By: Ellen Cans
A new restaurant has opened in Manhattan’s West Side at10 Lincoln Center Plaza in Geffen Hall, named Tatiana. The non-Kosher restaurant features cured beef and pastrami with West African-style flavoring. The restaurant is the first New York eatery for chef and establishment partner Kwame Onwuachi, who grew up in The Bronx. The Afro-Caribbean restaurant’s glittering room and floor-to-ceiling glass wall opened some two weeks ago, with a sample dish of short rib pastrami suya, served on the bone, going for $70 on the menu. A review by a writer in the NY Post called the pastrami meal “my favorite new dish of the decade”.
Chef Onwuachi already has experience opening other restaurants in Washington, DC, has starred as a competitor in Season 13 of the “Top Chef” television show in 2015, and wrote several books including a memoir named “Notes from a Young Black Chef”. In 2019, he earned a James Beard Foundation award as “Rising Star Chef of the Year”. He was also recognized by Food and Wine magazine and Esquire magazine. The 33-year-old chef was born in Long Island, NY, had lived in Nigeria with his grandfather for two years beginning at the age 10, has been a resident of Los Angeles, CA, and currently resides in Manhattan’s Murray Hill neighborhood. The chef has been featured in numerous articles in various newspapers, being praised for his stunning comeback following a troubled youth.
The new restaurant is named after Onwuachi’s older sister, who had helped raise him, while their mother went to work as a chef in a NYC restaurant. As it says on the eatery’s website: “This is my love letter to New York – written with the flavors, aromas and textures of my childhood, inspired by my culinary muse (and beloved sister) Tatiana.”
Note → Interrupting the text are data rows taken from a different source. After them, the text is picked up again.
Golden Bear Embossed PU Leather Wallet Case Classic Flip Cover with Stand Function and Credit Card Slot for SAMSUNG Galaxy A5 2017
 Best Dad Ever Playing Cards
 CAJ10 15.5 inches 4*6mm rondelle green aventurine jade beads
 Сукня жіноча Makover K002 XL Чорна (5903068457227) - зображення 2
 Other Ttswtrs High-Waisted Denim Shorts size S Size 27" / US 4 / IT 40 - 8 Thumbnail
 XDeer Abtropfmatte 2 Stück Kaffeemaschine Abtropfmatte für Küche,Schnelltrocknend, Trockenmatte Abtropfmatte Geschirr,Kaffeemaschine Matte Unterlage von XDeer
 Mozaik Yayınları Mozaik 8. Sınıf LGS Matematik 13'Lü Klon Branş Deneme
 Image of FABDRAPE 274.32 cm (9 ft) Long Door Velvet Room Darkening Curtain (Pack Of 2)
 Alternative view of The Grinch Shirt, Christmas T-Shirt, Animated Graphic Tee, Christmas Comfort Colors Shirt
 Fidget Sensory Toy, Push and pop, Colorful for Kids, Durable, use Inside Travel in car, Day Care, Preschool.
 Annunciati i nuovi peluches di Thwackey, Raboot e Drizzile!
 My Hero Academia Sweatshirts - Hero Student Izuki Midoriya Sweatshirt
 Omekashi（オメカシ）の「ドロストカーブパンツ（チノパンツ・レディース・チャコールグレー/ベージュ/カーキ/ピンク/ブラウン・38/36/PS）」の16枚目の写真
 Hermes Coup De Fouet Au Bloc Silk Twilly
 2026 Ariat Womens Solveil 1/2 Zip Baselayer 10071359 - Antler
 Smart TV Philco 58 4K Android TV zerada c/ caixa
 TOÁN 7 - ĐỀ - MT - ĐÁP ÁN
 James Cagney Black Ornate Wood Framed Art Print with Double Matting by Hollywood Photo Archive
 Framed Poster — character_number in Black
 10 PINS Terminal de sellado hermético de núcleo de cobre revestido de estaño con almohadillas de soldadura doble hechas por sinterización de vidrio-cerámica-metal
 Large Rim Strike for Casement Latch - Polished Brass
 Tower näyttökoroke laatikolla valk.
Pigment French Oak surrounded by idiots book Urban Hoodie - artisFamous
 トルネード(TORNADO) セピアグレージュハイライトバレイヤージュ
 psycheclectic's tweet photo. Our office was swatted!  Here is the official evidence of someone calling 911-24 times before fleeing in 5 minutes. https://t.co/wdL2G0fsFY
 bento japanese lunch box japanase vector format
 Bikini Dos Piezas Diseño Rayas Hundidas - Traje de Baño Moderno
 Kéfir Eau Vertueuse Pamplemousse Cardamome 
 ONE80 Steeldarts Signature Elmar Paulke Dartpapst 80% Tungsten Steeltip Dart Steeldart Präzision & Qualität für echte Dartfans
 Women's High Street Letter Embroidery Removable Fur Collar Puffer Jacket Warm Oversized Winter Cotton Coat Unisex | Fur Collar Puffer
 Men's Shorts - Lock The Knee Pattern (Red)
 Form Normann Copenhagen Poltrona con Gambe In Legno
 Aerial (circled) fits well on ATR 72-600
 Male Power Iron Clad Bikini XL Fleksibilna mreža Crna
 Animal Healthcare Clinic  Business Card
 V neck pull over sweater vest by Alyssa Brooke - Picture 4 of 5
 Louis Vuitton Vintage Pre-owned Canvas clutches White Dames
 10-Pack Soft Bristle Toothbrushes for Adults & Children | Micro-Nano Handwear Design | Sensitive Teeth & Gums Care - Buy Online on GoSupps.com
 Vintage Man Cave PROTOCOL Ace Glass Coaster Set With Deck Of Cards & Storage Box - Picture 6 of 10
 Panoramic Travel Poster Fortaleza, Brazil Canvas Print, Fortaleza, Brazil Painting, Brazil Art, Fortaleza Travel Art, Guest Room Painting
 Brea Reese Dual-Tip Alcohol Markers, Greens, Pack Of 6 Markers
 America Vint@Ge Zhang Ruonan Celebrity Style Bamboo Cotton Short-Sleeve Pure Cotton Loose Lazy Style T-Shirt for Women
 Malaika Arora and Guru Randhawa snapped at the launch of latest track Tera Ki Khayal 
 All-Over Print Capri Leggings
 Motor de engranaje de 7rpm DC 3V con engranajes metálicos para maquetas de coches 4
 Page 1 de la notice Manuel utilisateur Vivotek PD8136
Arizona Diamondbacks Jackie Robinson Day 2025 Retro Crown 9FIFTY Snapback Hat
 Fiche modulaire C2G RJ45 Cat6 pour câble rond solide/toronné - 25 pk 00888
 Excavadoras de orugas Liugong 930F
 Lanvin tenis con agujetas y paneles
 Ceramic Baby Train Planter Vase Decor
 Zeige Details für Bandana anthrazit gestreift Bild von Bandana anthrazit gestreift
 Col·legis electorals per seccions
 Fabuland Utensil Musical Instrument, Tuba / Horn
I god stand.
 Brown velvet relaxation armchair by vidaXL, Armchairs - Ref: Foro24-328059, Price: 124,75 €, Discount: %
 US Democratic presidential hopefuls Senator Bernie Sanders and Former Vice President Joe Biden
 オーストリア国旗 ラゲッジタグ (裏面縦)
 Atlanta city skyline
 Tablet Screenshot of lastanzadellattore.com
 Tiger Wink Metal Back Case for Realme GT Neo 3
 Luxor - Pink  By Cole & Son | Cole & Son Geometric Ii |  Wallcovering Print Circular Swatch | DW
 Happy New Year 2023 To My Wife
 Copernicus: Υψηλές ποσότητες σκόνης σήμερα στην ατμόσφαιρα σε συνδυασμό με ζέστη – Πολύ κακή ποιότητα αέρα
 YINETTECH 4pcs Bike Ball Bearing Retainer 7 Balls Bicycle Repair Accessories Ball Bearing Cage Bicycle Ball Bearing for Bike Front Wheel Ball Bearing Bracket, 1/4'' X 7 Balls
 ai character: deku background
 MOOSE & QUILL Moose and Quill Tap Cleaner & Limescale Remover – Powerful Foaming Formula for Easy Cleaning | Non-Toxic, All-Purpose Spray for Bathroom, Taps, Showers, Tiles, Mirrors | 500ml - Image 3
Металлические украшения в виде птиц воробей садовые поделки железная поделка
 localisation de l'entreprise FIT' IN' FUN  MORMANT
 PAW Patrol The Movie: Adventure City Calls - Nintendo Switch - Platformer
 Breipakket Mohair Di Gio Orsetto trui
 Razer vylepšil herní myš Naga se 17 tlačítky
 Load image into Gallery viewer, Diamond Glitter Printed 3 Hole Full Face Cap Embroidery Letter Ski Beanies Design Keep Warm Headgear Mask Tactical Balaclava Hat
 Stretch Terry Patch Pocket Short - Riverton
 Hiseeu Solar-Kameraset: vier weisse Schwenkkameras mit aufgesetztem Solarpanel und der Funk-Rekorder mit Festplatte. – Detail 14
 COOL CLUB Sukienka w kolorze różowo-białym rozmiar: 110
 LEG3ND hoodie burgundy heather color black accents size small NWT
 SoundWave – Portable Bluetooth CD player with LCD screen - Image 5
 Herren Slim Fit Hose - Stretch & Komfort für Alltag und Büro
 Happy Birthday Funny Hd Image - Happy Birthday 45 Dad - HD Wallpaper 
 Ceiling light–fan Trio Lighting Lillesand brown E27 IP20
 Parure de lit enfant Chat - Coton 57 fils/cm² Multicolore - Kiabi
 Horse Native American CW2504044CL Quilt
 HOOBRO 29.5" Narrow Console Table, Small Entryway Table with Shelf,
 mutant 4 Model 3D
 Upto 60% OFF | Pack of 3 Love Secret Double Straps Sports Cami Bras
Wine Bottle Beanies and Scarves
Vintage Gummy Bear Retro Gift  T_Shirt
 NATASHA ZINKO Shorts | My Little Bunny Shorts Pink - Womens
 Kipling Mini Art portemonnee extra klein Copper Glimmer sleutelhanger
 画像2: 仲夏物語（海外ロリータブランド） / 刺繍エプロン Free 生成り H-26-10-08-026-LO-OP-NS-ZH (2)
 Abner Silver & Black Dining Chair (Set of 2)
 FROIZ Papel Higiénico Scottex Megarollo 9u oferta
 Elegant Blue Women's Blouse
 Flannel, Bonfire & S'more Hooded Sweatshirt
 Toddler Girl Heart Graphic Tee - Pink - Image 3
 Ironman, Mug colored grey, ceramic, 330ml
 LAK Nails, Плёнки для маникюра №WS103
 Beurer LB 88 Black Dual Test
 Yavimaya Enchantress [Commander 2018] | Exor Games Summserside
In a recent NY Post interview, Onwuachi said the pastrami short rib dish was a last-minute addition to the Manhattan restaurant. Onwuachi said he had never served it before, and only thought to add it to the menu days before the opening. “I wanted to do a special beef dish,” he said. “I was like, why don’t we do a play on pastrami as my ode to New York with an African twist?” The dish, which was called a “masterpiece” by the Post writer, was a collaborative effort with executive sous-chef Nicky Dembeck adding a caraway cocoa bread, and chef de cuisine Kamat Newman adding a sweet mustard jus and restaurant partner David Paz-Grusin’s cabbage. The short rib pastrami is made using Wagyu beef from Washington state, not the commonly used brisket. “I wanted to do it somewhat different. I like serving things on the bone,” Onwuachi said.
Asked what his favorite old-time pastrami sandwich is, Onwuachi replied, “Probably Katz’s,” referring to the classic NYC deli first opened in 1888.